» What is expected
Begin at the line containing "Maiden Dancing Before" in the data below and go on through the line containing "RJ66P1546 veste isolante", repeating each line exactly; include both ends and no other line.

[Raw data — start]

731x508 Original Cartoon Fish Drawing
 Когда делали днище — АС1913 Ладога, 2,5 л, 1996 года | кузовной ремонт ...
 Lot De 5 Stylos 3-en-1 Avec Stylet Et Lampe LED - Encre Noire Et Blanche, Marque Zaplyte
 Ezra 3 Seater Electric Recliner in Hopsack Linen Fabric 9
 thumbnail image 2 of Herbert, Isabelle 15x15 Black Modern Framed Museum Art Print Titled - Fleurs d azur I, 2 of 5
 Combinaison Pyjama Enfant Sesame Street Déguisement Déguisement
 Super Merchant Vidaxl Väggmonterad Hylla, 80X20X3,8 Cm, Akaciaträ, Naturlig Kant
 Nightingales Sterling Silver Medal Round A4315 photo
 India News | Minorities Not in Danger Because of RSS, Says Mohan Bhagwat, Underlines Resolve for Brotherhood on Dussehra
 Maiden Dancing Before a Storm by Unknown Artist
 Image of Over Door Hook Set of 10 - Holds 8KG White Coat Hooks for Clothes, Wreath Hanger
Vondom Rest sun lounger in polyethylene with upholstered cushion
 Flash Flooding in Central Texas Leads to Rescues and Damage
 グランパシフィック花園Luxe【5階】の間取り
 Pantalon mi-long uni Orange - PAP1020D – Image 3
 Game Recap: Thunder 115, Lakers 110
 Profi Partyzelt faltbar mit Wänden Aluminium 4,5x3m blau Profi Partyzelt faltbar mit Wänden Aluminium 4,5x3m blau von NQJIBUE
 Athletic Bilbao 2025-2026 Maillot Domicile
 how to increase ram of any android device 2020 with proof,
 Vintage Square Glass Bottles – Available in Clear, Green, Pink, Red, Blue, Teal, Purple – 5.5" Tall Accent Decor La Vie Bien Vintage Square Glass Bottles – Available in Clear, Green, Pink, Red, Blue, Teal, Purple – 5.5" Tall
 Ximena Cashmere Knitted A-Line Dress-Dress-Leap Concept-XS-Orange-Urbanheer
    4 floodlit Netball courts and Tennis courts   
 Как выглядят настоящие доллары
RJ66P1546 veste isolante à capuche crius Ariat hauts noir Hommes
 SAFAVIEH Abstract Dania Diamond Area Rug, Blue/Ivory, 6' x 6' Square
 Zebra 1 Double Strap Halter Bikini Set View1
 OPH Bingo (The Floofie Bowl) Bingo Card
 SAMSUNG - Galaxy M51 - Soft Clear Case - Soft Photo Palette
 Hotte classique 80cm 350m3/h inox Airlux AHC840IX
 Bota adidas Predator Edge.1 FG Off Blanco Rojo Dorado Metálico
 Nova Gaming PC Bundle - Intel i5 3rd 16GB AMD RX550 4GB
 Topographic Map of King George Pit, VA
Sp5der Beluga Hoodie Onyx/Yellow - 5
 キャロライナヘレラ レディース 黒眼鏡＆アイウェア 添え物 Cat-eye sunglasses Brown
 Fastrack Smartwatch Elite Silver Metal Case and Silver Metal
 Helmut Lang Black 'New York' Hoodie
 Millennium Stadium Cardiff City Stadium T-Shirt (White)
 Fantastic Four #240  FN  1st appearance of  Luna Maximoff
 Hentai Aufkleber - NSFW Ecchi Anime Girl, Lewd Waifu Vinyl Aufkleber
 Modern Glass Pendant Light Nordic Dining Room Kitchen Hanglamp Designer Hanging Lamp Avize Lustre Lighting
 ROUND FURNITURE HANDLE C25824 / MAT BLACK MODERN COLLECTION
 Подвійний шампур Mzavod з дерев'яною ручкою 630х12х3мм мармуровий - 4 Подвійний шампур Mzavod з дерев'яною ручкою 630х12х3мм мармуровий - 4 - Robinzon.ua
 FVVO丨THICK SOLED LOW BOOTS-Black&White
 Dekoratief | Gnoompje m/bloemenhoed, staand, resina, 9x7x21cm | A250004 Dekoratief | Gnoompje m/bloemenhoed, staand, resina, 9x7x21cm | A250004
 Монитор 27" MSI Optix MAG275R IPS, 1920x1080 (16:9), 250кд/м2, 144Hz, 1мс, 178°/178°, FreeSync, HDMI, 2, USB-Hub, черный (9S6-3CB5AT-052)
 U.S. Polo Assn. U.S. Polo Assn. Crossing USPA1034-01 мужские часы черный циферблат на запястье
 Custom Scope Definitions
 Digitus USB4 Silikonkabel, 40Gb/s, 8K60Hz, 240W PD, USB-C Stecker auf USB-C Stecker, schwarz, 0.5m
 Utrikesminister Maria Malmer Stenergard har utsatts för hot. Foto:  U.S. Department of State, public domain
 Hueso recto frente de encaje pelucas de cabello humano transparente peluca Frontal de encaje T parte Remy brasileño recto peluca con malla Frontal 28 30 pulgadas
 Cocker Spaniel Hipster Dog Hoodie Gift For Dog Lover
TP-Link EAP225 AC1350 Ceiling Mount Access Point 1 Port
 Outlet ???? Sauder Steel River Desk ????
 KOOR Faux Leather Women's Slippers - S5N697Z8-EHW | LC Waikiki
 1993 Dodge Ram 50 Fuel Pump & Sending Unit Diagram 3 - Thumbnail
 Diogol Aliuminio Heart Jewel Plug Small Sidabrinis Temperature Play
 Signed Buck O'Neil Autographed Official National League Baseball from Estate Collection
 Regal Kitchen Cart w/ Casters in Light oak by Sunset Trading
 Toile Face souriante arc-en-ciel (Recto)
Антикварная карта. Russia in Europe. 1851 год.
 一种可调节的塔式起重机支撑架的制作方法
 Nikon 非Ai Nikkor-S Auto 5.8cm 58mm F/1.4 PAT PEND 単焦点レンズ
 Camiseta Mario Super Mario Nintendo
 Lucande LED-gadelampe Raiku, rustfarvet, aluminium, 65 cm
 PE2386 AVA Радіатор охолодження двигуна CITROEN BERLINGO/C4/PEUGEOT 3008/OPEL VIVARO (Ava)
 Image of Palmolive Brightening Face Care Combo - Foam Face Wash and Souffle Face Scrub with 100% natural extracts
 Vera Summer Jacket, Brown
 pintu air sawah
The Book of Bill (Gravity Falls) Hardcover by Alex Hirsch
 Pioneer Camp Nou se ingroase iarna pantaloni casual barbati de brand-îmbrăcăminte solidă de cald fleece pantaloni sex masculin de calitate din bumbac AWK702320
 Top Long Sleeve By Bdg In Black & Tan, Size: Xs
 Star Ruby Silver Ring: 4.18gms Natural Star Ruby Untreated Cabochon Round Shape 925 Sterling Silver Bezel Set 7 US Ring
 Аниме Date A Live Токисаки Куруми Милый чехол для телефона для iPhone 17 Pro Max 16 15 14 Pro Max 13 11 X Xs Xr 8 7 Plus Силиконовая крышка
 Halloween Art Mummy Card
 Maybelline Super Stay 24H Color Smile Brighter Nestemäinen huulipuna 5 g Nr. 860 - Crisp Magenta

[Raw data — finish]

» Your solution
 Maiden Dancing Before a Storm by Unknown Artist
 Image of Over Door Hook Set of 10 - Holds 8KG White Coat Hooks for Clothes, Wreath Hanger
Vondom Rest sun lounger in polyethylene with upholstered cushion
 Flash Flooding in Central Texas Leads to Rescues and Damage
 グランパシフィック花園Luxe【5階】の間取り
 Pantalon mi-long uni Orange - PAP1020D – Image 3
 Game Recap: Thunder 115, Lakers 110
 Profi Partyzelt faltbar mit Wänden Aluminium 4,5x3m blau Profi Partyzelt faltbar mit Wänden Aluminium 4,5x3m blau von NQJIBUE
 Athletic Bilbao 2025-2026 Maillot Domicile
 how to increase ram of any android device 2020 with proof,
 Vintage Square Glass Bottles – Available in Clear, Green, Pink, Red, Blue, Teal, Purple – 5.5" Tall Accent Decor La Vie Bien Vintage Square Glass Bottles – Available in Clear, Green, Pink, Red, Blue, Teal, Purple – 5.5" Tall
 Ximena Cashmere Knitted A-Line Dress-Dress-Leap Concept-XS-Orange-Urbanheer
    4 floodlit Netball courts and Tennis courts   
 Как выглядят настоящие доллары
RJ66P1546 veste isolante à capuche crius Ariat hauts noir Hommes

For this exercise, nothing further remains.